What you have to do: Please retype the records below exactly, from the first line through the line containing "8731 Finn Road, Richmond, British", and leave out any pictures.

Stored dataset items

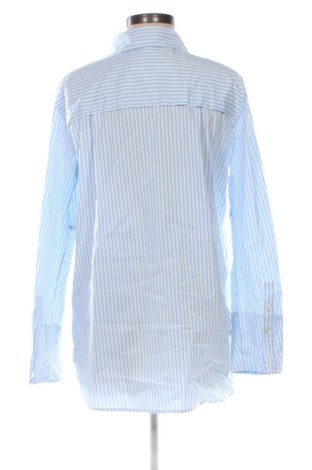 Női ing Gerry Weber, Méret XL, Szín Sokszínű, Ár 5 939 Ft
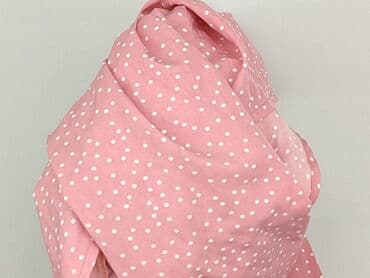 shein sukienki dlugie plus size: Shein, Bluzka damska, rozmiar M — 6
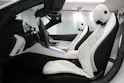 MERCEDES-BENZ AMG SL 63 4M Speedshift MCT *Designo Mattlackierung*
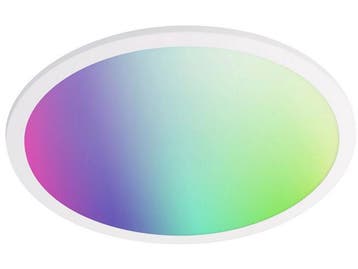 Müller Licht tint - LED-Panel Loris - Smart Home Zigbee -, Verzenden, Nieuw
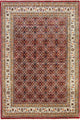 Bidjar Alfombra - Alfombra oriental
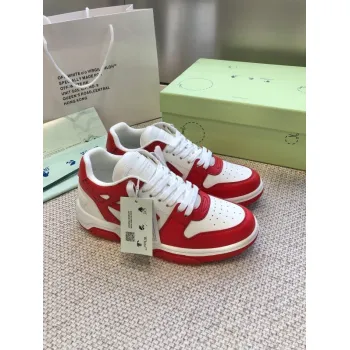 Off-White shoes for Mens Sneakers #A56047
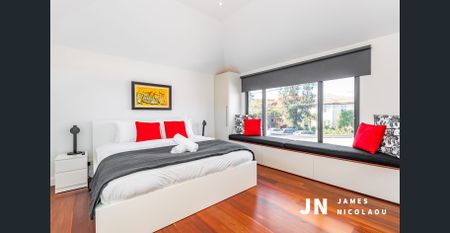 Spacious Family Haven in a Premium Lifestyle Location - Photo 4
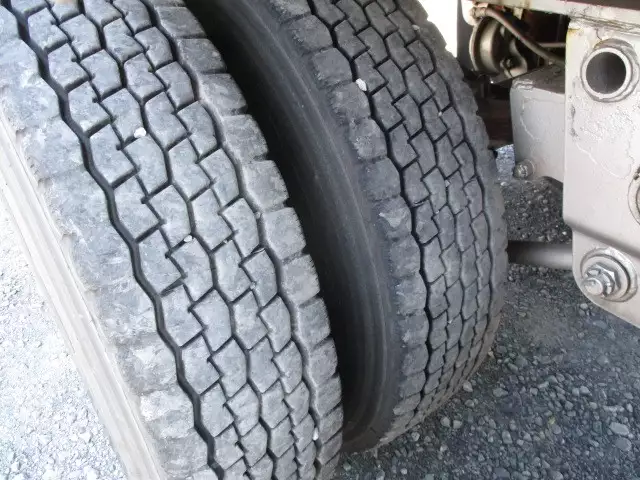 平成09年09月中古その他国内・その他富士の画像44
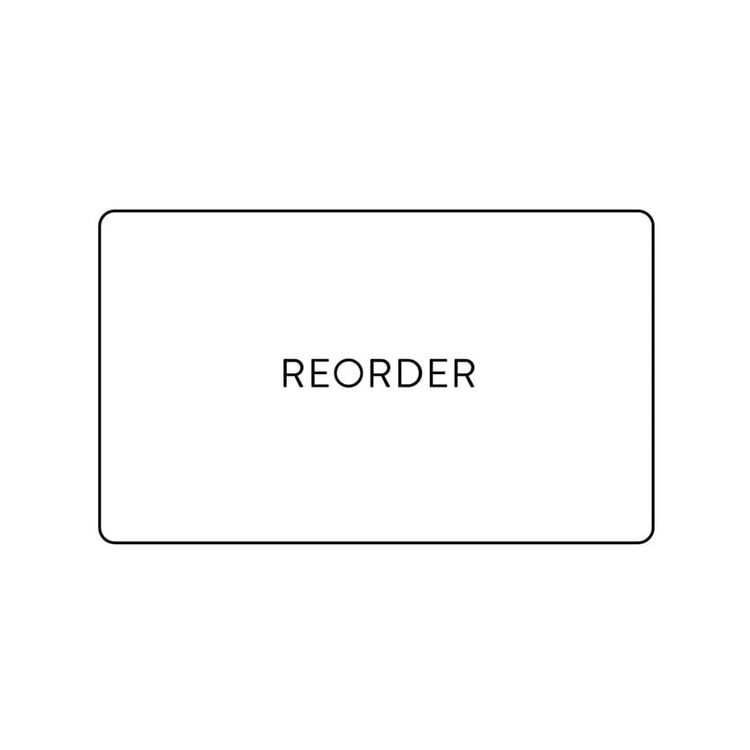 Custom Vinyl Stickers Your Image (100 Count)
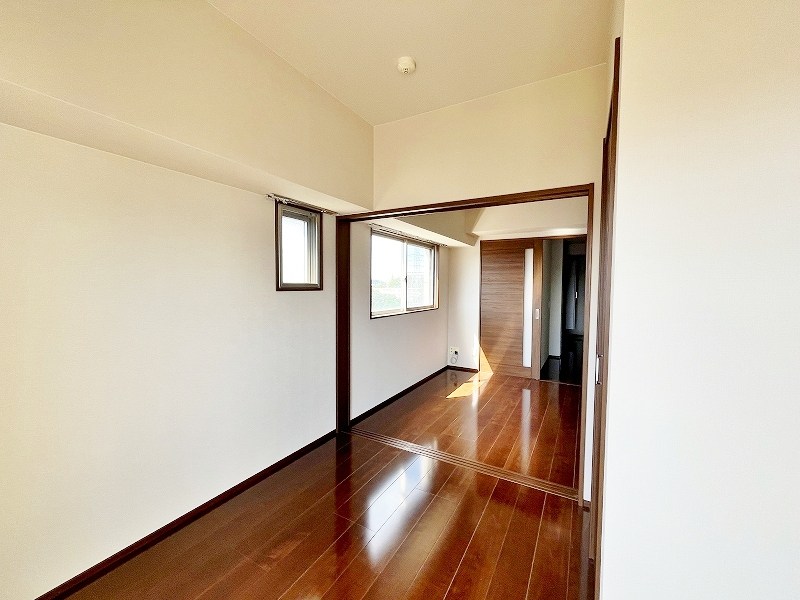 La Feliz下到津(ラ・フェリス下到津) その他32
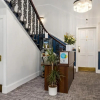Отель 28 York Place, фото 10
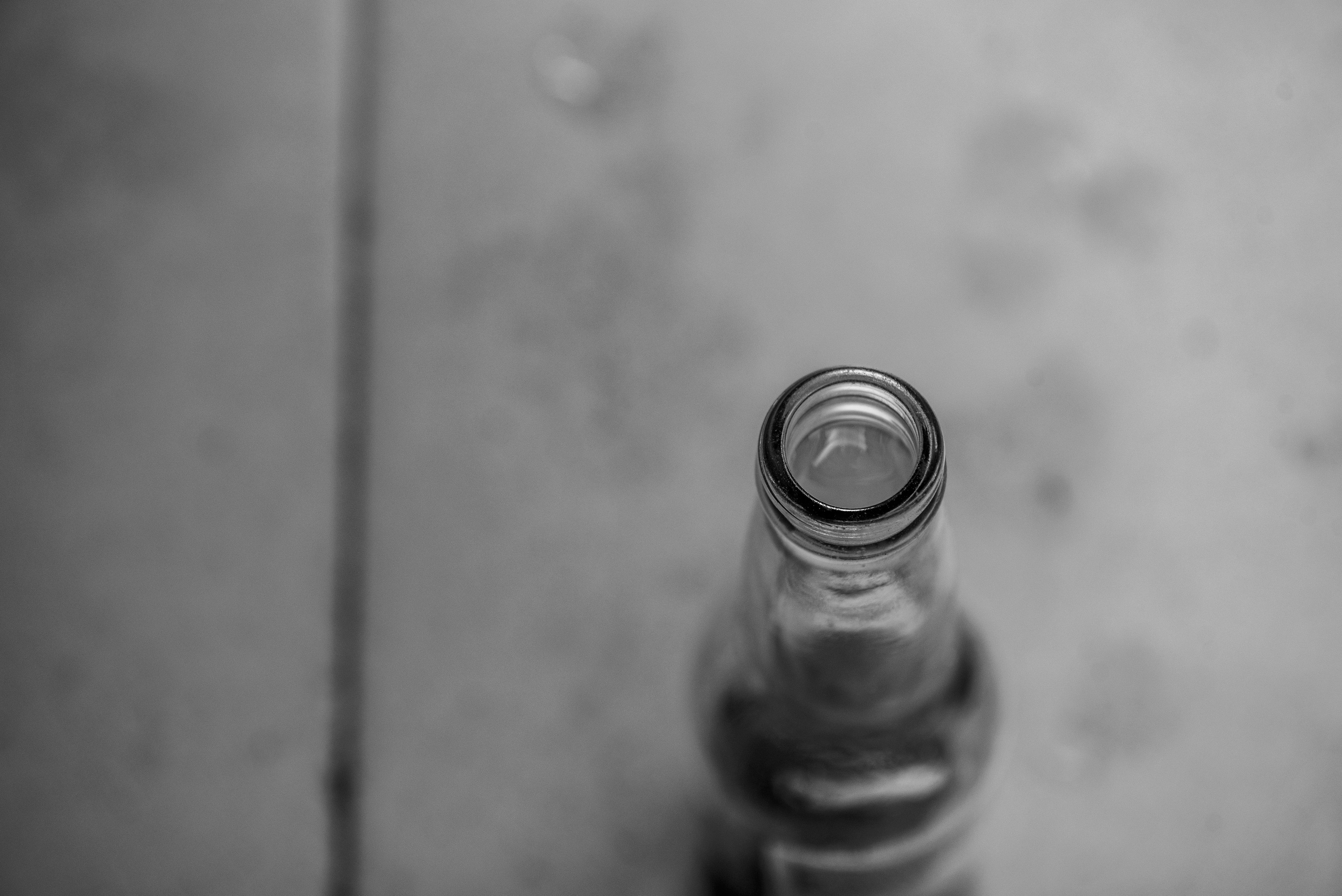 Среда. Портретный и архитектурный фотограф в Москве и Санкт-Петербурге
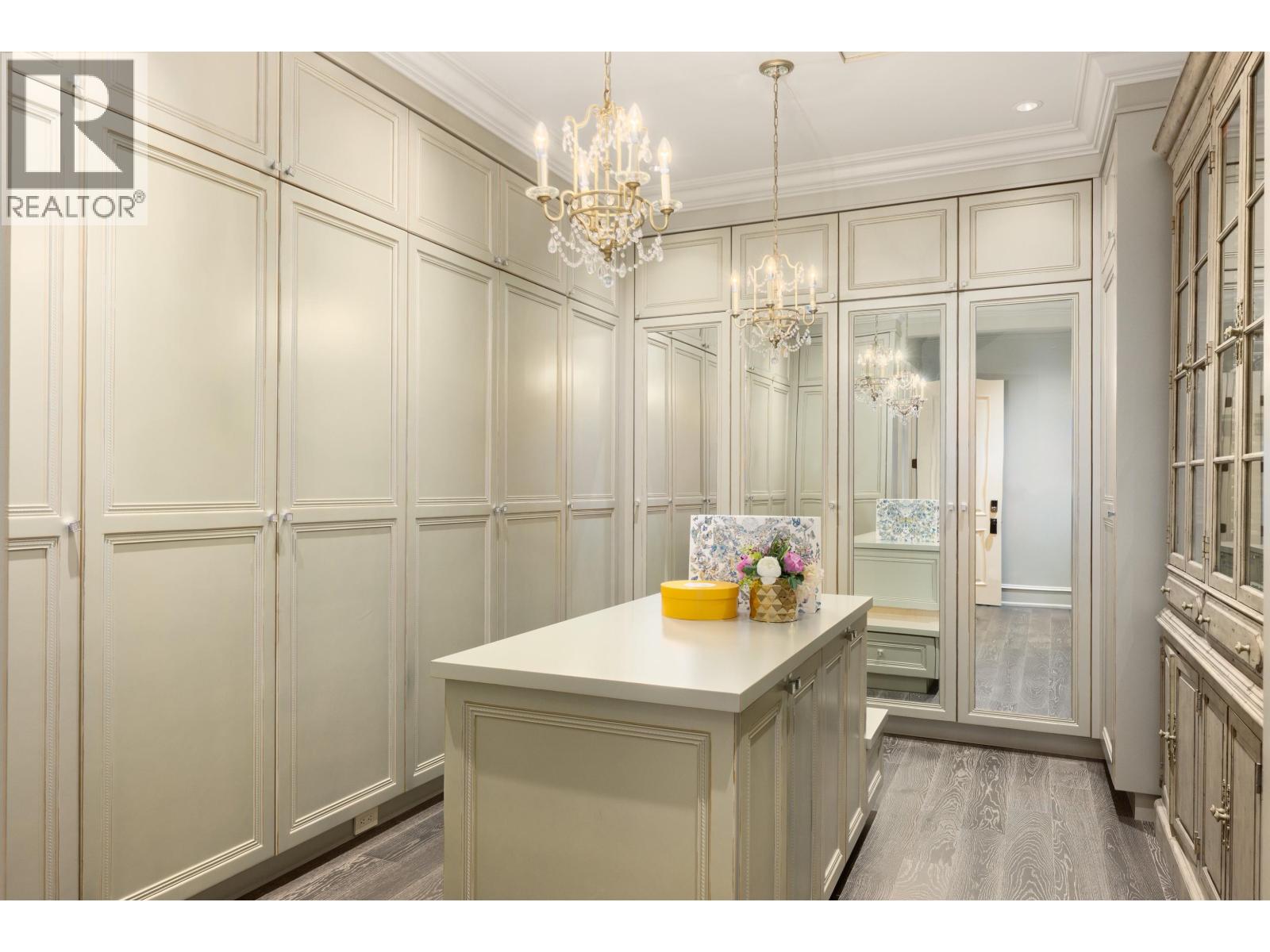 8731 Finn Road, Richmond, British Columbia  V7A 5C5 - Photo 30 - R3025712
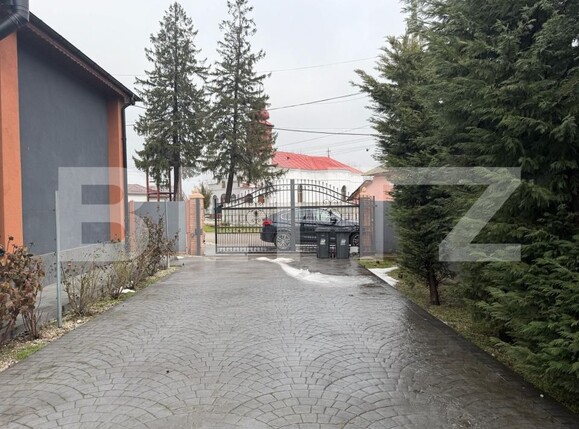 Casa de vânzare 8 camere Exterior Sud - 188166CV | BLITZ Craiova | Poza13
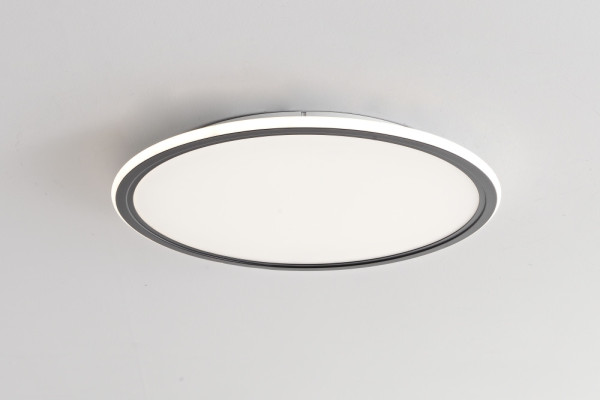 Потолочный светильник Galo ZRS.10112.05 Zortes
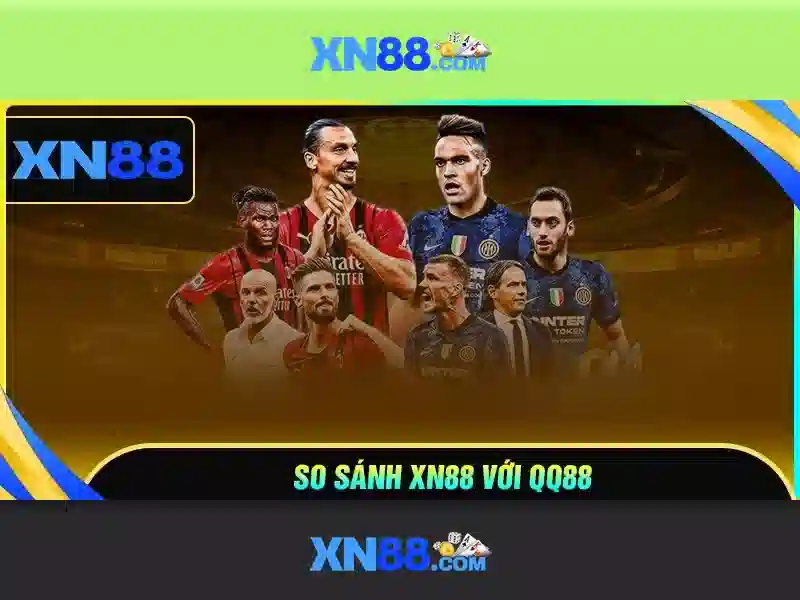Lịch sử và nguồn gốc
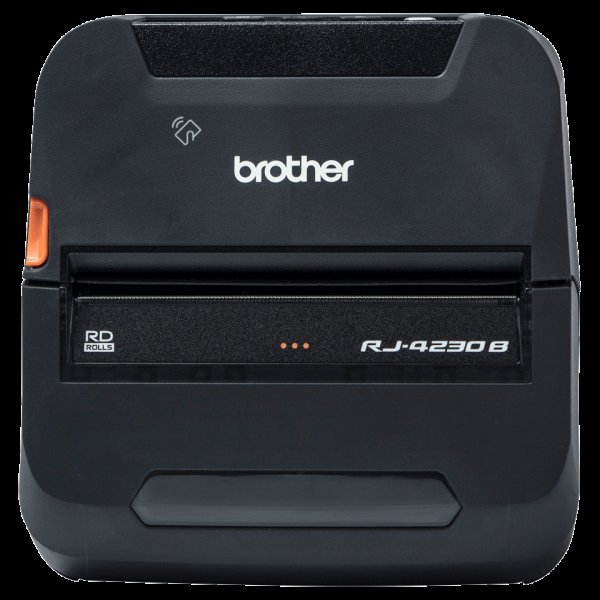 Brother RJ-4230B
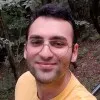 Hesam Khattati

Exercise response:
 Női ing Gerry Weber, Méret XL, Szín Sokszínű, Ár 5 939 Ft
 shein sukienki dlugie plus size: Shein, Bluzka damska, rozmiar M — 6
 MERCEDES-BENZ AMG SL 63 4M Speedshift MCT *Designo Mattlackierung*
 Müller Licht tint - LED-Panel Loris - Smart Home Zigbee -, Verzenden, Nieuw
 Bidjar Alfombra - Alfombra oriental
 Off-White shoes for Mens Sneakers #A56047
 Spacious Family Haven in a Premium Lifestyle Location - Photo 4
 平成09年09月中古その他国内・その他富士の画像44
 Custom Vinyl Stickers Your Image (100 Count)
 La Feliz下到津(ラ・フェリス下到津) その他32
Отель 28 York Place, фото 10
 Среда. Портретный и архитектурный фотограф в Москве и Санкт-Петербурге
 8731 Finn Road, Richmond, British Columbia  V7A 5C5 - Photo 30 - R3025712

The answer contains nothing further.